(Dataset excerpts)
★ ★ ★ ★ ★ ★ ★

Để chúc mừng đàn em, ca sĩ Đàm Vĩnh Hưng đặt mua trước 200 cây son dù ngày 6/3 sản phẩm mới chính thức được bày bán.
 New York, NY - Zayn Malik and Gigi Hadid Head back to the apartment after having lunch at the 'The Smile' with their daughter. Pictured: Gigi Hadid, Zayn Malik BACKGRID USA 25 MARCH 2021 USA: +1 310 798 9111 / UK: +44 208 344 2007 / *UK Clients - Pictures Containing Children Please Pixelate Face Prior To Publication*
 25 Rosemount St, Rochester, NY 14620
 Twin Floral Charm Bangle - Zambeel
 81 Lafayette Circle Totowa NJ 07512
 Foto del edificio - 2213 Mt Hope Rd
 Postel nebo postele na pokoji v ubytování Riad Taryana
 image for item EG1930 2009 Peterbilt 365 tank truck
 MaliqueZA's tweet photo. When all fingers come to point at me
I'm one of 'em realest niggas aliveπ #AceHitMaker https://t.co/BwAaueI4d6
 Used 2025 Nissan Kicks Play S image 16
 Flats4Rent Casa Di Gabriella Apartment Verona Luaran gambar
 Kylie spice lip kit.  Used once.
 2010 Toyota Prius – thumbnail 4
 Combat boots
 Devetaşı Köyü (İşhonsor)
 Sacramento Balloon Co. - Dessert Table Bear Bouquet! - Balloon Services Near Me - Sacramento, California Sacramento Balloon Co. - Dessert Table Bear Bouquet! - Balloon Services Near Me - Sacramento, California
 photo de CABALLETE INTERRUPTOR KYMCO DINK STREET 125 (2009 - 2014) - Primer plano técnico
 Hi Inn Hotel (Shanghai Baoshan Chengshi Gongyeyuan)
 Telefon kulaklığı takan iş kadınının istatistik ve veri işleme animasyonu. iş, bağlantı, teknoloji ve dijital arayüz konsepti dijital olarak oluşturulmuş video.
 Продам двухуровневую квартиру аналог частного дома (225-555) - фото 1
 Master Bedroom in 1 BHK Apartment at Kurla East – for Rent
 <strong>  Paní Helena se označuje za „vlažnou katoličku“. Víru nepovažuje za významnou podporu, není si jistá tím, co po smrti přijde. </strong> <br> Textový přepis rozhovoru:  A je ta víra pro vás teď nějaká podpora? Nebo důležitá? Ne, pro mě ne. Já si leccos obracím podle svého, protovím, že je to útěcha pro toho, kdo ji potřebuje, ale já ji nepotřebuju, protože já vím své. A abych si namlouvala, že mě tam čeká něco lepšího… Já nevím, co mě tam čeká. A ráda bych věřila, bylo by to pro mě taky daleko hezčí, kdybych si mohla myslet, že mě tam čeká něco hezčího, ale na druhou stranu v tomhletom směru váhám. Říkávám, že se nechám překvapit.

★ ★ ★ ★ ★ ★ ★

▶ [Exercise goal] Work out how many lines of the data hold the string "photo". State only that number.

▶ [Response to the task] 2